Reinventing the wheelchair by being PC

Unfortunately, no, this is not a belated April Fool’s joke.

Janeal Lee, a 30-year-old Wisconsin native who suffers from multiple sclerosis, was stripped of her “Miss Wheelchair Wisconsin” title for standing up. After a picture published in Lee’s local newspaper featured her standing (while teaching algebra) was discovered, pageant officials disqualified Lee from the contest she had won in January.

I really am not making this up. The rules for the contest stipulate that contestants must “mostly be seen in public using their wheelchairs or scooters,” and Lee’s apparent super-handicap ability to walk small distances while she’s teaching her middle school class is considered an egregious failure to follow the rules. Kind of makes you wonder if handicaps are only considered a criterion for contestants, and not, say, officials.
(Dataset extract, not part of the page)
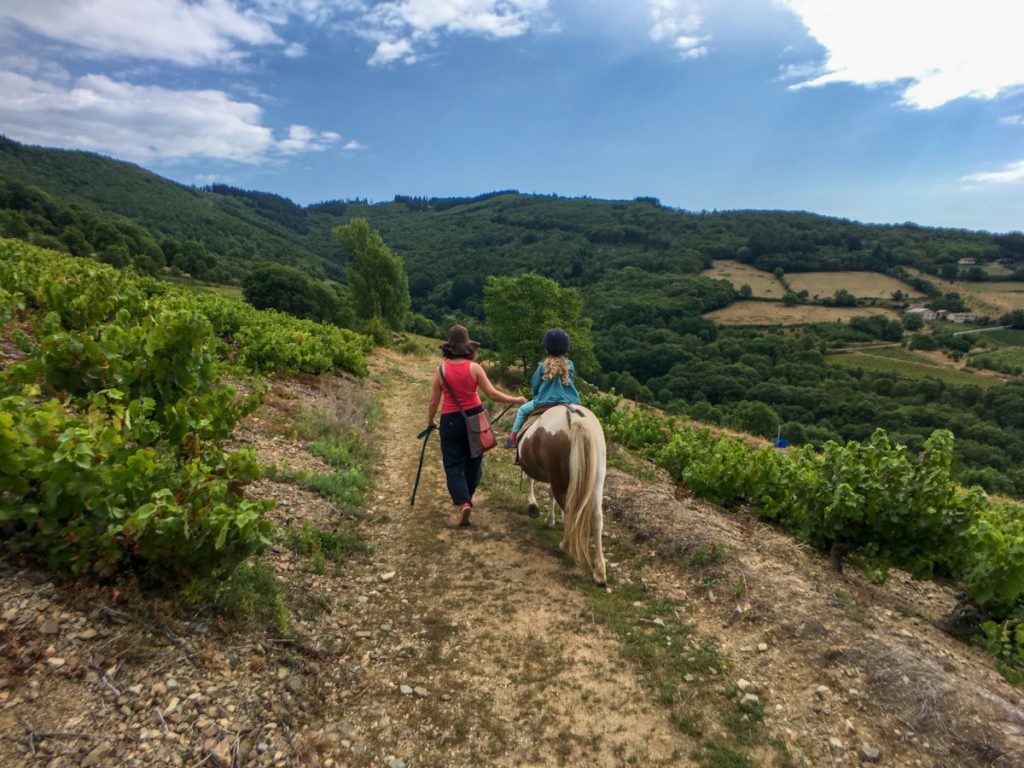 Promenade à poney dans le Beaujolais vert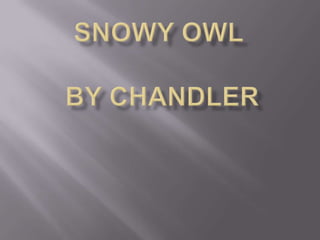 Snowy Owl      BY Chandler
Also kind of makes you wonder why we keep doing this to ourselves. Our decision to broadly impose a standard of “political correctness” has us doing foolish things like calling white people “Caucasian” (should we really adapt its counterpart terms, “Negroid” and “Mongoloid,” as politically correct too?). It has us question the morality of halftime shows and promos during televised sporting events while we slow down to look at car accidents and watch replays of the tsunami. And, it appears, it has us OD’ing over our politically correct terms so much, that we’re beginning to stray away from the very point of political correctness in the first place.

That would be to put people at ease around one another. But how, exactly are we accomplishing this when we start to alienate the very people we are trying to comfort?
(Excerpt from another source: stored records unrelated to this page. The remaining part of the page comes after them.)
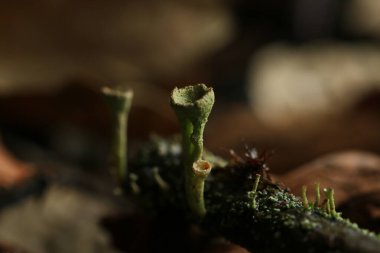 Groene Bekerzwammen Het bos 'ta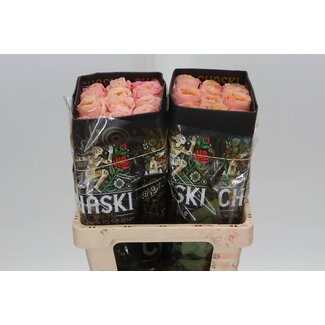 Freshy Grootbloemige Roos “Suns X-pression” | Kleur: Geel | Lengte ± 60 centimeter | Herkomst Ecuador | Per 25 verse bloemen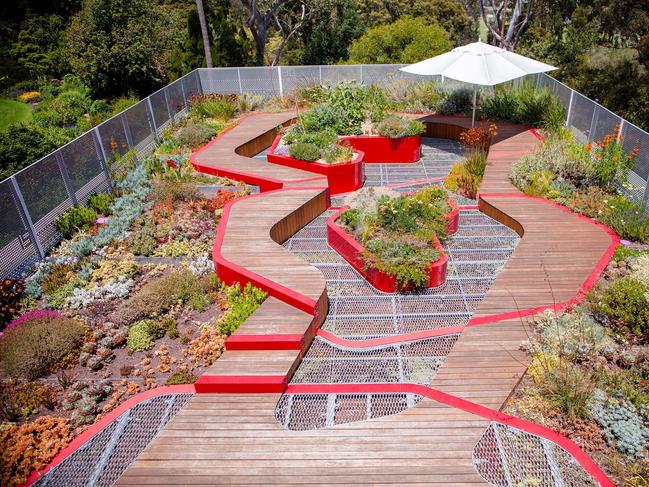 EMBARGO FOR TWAM 13 JULY 2024. FEE MAY APPLY. The University of MelbourneÃ¢â¬â¢s Green Infrastructure Research Group has developed a free guide to the most suitable plants for green roofs based on plant trials at the Burnley campus in Melbourne. Photo: University of Melbourne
Multiple sclerosis is a slow road toward immobility, so pageant officials should encourage Lee to take advantage of her ability while she still can, not ask her to check back with them once she can’t. That she can walk-if only briefly-is a miracle, not a steroid.

But somehow we overanalyzed-imagine that, from the country that brought you 11 different 24-hour news channels-and forgot that political correctness is about not offending people of different disabilities.

Of course, what do you expect from a bunch of subjective judges? They probably could’ve done a better job if they were blind.